Assignment
Leave out the images and repeat the listing below without a single change.
*** Collected data Section Begins ***
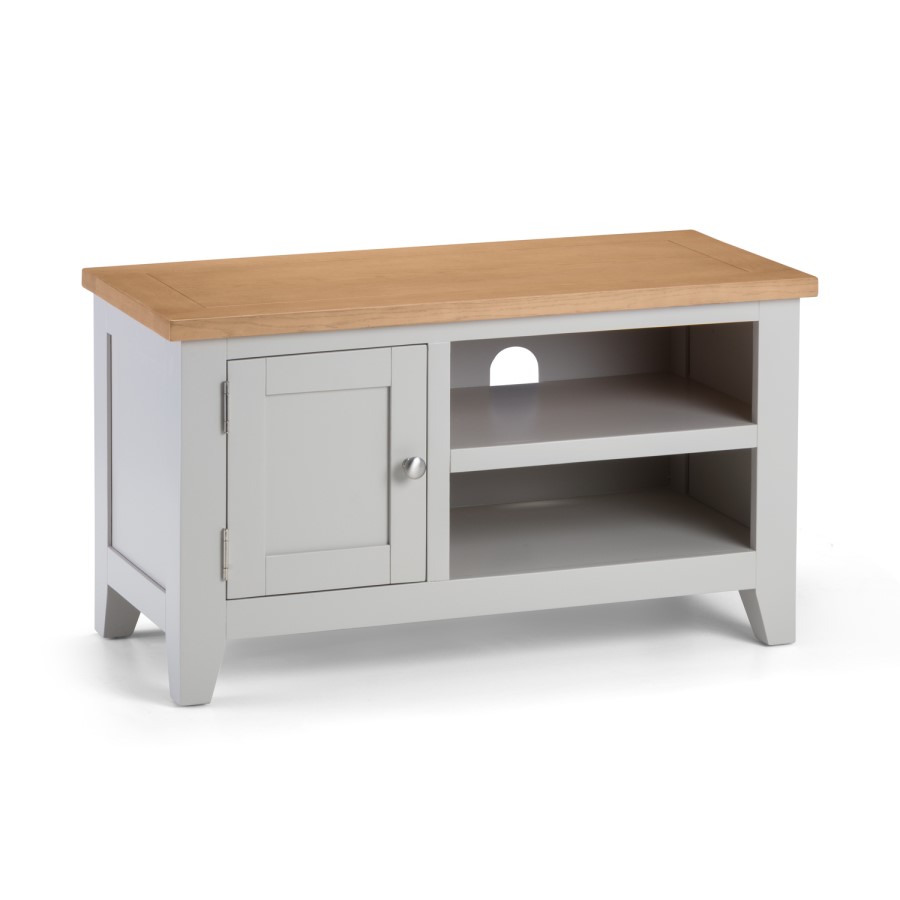 Light Grey Small TV Unit with Oak Top - TV's up to 45" -  Julian Bowen Richmond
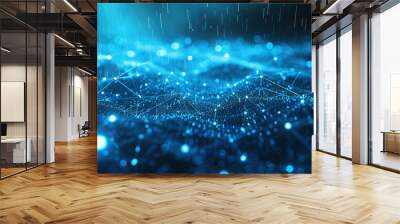 Dark blue digital data background, network surface with lights and lines in abstract space in rain at night. Concept of future, secure technology, cyber city, pattern, tech Wall mural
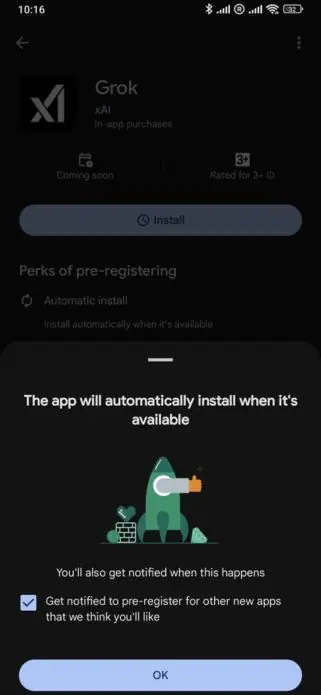 Grok Android app pre registration Google Play Store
*** Collected data Section Ends ***
Your solution
 Light Grey Small TV Unit with Oak Top - TV's up to 45" -  Julian Bowen Richmond
 Dark blue digital data background, network surface with lights and lines in abstract space in rain at night. Concept of future, secure technology, cyber city, pattern, tech Wall mural
 Grok Android app pre registration Google Play Store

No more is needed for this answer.